Calamari, the pick of the cephalopods.
Calamari, the pick of the cephalopods.

I also catch other more ‘oily’ fish such as Taylor, Yellowtail Scads, Australian Salmon, Tommy rough and Mackerel that are considered by many expert fishermen and expert fishing books to be ‘rubbish fish’ in terms of eating quality.

They often say “We only catch them for bait to catch other better fish.” On the other hand, if you listen to the dietary experts these oily fish are some of the best fish that we can eat for our health.

In my experience, if these underrated fish are handled well, their eating qualities are up with the best. My family scores fish-eating qualities with ‘freshly caught’ boneless flathead fillets as score 10). The above rubbish fish that have been handled well have no fish shop smell and just smells of the sea with an eating score of 8-9. I have never experienced a fish shop that has smelled like the sea!

It is no wonder that these fish don’t smell so good when they die slowly and are later shifted to processing works, guts and all, to be ‘cleaned’. “If you treat your fish like baitfish they will probably taste like old bait with a score of 2-3”.

Enjoyment of fish bones from big and small fish

Apart from a few fish like Flounder Eels and Leather Jackets, I filet most of my fish to make them; bleed well, cool quickly, store well, cook quickly and provide boneless eating.

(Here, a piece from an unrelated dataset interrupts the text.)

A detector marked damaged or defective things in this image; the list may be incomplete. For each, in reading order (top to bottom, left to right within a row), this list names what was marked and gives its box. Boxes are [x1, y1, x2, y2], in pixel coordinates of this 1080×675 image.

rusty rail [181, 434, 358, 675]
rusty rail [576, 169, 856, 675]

Large fish. The bony portion from between the filets and the rib section is usually thrown away (it doesn’t even make good bait that will stay on a hook). However, I have found that with appropriate cooking they can be a delight to eat.

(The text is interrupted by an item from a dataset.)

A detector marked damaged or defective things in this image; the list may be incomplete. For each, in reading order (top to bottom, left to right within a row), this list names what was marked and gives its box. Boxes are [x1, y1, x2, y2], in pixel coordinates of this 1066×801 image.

For large Salmon and sharks, the filleting leaves a thick meaty strip. After suitable bleeding in plenty of saltwater and cutting into pan size lengths, these make excellent eating that is every bit as good as the filet and somewhat sweeter from near the bone or cartilage.

Small fish. For the smaller fish, the backbone, fins tail and all, can be crumbed in wholemeal flour (homemade of course) and fried until crispy brown. Much of the fins, tail and bone is edible along with the sweet meat off-the-backbone. I was delighted to discover that the traditional restaurants in Japan cooked and served a split Mackerel with its head left on and the crispy fried backbone was served beside it (fins, tail and all). My ski friends were perplexed with this dish, but with each ordering of this dish, it is one of my favourites, I see them eating more of the fish. The Japanese certainly know their fish, respect the fish quality (even rubbish fish) and use as much of the fish as possible (their version of nose-to-tail usage).

Crispy crumbed fish bones. If the fish are filleted while fresh and soaked in salt water they are a delight to eat. Before frying I crumb the bones in wholemeal flour.The top bone shows how little is thrown away. Traditional Japanese restaurants serve the crispy fish bones as part of your meal. I feel very much at-home with this practice.
Crispy crumbed fish bones. If the fish are filleted while fresh and soaked in saltwater they are a delight to eat. Before frying I crumb the bones in wholemeal flour. The top bone shows how little is thrown away. Traditional Japanese restaurants serve crispy fish bones as part of your meal. I feel very much at home with this practice.

Large fish head. Big Salmon and Snapper heads are usually thrown away. However, after cutting out the gills, they can be steamed, sitting mouth upwards in a covered pot with a small amount of water. After peeling off the skin with the scales attached they make a delightful feed of the sweet meat off-the-bone that is best eaten by the sea or on a boat where the many scraps can be thrown back into the sea.

Octopus Balls

Small octopus can be quickly grilled or fried to become a tasty but slightly chewy treat with chilli dipping sauce.

Cooking a larger octopus is a bit more of a challenge regarding tenderness, but they have much more flavour than calamari. However, mincing the octopus deals with the texture problem and fried octopus balls from minced octopus turn big octopus into a seafood treat.

After enjoying mystery tasty seafood balls in Japan I again discovered that the Japanese use minced octopus for these delights.

The mincer that I use, in the photo below, works best with gutted and frozen octopus that has been cut up into small chunks and minced in the frozen state.

The cooked minced octopus has the texture and mouth-feel of minced steak. It is very tender and has a rich and sweet grilled meat flavour when fried to a brown colour. “This is attributable to the Maillard reaction “See there is more chemistry.”

A food processor will do the job, but the texture will be finer, like sausage mince or fish paste, by the time all the meat is fully minced.

Octopus mincer.
Octopus and fish mincer, a bargain from the opportunity shop.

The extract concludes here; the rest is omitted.